PROMPT => Set down exactly the lines in the records below that run from the line with "ESIKA - Set" to the line with "Twin Size Coastal", inclusive, and nothing more.

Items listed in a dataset

Segment Open

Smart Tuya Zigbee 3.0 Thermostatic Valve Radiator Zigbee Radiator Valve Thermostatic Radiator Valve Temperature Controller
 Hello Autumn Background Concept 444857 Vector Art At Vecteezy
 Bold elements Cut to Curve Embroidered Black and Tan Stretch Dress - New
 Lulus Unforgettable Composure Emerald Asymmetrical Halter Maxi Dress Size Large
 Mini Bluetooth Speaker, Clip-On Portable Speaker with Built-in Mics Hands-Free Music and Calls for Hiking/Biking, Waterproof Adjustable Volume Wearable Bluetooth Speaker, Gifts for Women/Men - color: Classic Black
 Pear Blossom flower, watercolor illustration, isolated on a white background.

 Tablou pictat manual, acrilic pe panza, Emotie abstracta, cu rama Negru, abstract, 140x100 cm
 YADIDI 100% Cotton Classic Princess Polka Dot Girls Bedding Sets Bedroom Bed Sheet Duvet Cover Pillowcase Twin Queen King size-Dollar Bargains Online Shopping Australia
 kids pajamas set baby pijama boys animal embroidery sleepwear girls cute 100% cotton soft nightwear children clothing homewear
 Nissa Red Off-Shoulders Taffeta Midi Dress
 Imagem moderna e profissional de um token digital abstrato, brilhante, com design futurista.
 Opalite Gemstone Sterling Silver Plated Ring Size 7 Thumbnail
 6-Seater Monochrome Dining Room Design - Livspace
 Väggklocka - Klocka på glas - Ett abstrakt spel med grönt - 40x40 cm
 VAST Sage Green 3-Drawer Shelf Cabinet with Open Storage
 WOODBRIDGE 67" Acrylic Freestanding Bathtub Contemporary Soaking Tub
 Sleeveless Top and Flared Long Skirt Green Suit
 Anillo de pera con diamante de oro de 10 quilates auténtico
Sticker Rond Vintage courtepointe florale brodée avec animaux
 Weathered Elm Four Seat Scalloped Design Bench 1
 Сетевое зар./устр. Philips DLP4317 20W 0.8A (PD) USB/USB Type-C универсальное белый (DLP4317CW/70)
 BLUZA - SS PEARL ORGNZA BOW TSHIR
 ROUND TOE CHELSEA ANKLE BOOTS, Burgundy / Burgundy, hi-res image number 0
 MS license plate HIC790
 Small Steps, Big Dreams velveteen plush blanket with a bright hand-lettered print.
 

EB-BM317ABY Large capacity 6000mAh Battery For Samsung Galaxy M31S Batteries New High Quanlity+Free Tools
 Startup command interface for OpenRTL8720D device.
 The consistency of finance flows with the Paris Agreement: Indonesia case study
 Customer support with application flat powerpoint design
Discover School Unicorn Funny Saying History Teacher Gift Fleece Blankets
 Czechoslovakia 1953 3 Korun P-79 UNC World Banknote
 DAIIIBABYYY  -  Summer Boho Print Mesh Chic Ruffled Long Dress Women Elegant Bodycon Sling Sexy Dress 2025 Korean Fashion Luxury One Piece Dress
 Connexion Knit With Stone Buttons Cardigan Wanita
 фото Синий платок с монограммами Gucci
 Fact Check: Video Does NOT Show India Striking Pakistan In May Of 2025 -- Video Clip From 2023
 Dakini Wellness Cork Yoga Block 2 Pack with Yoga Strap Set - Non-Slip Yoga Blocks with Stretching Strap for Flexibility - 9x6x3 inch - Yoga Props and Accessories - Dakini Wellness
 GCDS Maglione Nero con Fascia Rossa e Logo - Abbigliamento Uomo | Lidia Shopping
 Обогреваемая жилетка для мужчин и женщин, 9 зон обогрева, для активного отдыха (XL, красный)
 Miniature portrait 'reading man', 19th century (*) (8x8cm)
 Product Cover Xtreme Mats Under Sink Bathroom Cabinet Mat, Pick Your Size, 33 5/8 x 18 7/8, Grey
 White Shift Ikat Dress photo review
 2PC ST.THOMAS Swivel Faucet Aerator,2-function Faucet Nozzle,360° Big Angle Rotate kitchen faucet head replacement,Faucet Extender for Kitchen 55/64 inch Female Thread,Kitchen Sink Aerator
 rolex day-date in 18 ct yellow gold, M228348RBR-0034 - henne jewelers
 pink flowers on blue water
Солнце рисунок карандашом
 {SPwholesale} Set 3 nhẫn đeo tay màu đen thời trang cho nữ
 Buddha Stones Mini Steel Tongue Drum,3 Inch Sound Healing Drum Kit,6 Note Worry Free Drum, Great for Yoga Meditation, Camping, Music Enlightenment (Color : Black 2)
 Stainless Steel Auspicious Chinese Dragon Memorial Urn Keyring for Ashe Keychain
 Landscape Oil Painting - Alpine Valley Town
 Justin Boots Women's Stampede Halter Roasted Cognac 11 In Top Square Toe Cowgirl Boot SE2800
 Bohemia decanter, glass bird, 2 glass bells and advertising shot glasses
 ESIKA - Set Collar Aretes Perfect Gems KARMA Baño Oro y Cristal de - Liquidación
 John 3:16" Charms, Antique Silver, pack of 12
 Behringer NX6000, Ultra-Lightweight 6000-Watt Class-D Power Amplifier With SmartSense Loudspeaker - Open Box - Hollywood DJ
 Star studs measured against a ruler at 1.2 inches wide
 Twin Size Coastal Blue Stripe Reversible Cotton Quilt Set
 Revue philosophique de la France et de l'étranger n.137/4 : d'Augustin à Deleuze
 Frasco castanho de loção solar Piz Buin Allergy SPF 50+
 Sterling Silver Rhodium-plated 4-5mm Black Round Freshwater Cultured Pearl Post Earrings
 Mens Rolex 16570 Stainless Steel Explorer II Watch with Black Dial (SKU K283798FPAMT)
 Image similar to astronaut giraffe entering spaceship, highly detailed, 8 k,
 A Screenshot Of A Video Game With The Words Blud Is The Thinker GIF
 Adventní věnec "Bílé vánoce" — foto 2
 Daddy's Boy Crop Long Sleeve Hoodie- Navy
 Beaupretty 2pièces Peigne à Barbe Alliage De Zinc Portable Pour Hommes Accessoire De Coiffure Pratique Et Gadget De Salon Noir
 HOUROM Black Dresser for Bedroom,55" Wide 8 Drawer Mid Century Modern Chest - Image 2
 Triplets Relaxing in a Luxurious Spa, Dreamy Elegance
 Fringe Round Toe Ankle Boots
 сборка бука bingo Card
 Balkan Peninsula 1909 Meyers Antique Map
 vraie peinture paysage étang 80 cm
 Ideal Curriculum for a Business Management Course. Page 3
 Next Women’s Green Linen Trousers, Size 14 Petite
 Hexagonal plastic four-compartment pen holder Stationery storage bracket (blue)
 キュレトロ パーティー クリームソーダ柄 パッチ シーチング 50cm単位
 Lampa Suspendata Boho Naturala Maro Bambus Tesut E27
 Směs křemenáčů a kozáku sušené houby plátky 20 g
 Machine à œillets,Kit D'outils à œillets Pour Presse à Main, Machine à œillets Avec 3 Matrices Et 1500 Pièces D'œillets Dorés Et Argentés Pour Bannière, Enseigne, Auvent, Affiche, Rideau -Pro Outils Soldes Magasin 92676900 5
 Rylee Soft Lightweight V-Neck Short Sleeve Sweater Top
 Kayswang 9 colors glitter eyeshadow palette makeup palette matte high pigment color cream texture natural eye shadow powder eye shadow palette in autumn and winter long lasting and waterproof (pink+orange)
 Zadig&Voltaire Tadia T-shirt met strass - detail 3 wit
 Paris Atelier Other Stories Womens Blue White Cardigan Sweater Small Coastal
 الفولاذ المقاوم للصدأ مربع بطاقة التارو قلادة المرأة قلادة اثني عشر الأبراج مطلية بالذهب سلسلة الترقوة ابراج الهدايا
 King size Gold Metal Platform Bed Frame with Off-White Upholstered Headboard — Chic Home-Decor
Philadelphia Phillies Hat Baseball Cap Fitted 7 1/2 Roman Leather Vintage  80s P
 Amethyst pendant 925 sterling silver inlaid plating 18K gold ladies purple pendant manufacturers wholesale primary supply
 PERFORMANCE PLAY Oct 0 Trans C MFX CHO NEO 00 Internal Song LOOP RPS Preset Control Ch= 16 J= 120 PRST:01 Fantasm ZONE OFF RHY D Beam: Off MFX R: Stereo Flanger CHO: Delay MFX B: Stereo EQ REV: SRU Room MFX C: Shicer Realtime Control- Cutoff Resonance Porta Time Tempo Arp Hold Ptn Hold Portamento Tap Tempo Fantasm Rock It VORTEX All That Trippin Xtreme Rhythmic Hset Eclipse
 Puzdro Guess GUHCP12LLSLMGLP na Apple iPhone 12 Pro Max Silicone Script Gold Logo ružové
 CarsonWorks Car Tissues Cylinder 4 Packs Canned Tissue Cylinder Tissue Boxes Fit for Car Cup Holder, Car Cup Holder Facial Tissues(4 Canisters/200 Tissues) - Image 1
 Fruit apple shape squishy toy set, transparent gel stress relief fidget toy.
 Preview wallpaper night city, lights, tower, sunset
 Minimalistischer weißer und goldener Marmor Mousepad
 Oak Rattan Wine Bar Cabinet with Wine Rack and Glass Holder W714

Segment Closed

ANSWER BOX =>
 ESIKA - Set Collar Aretes Perfect Gems KARMA Baño Oro y Cristal de - Liquidación
 John 3:16" Charms, Antique Silver, pack of 12
 Behringer NX6000, Ultra-Lightweight 6000-Watt Class-D Power Amplifier With SmartSense Loudspeaker - Open Box - Hollywood DJ
 Star studs measured against a ruler at 1.2 inches wide
 Twin Size Coastal Blue Stripe Reversible Cotton Quilt Set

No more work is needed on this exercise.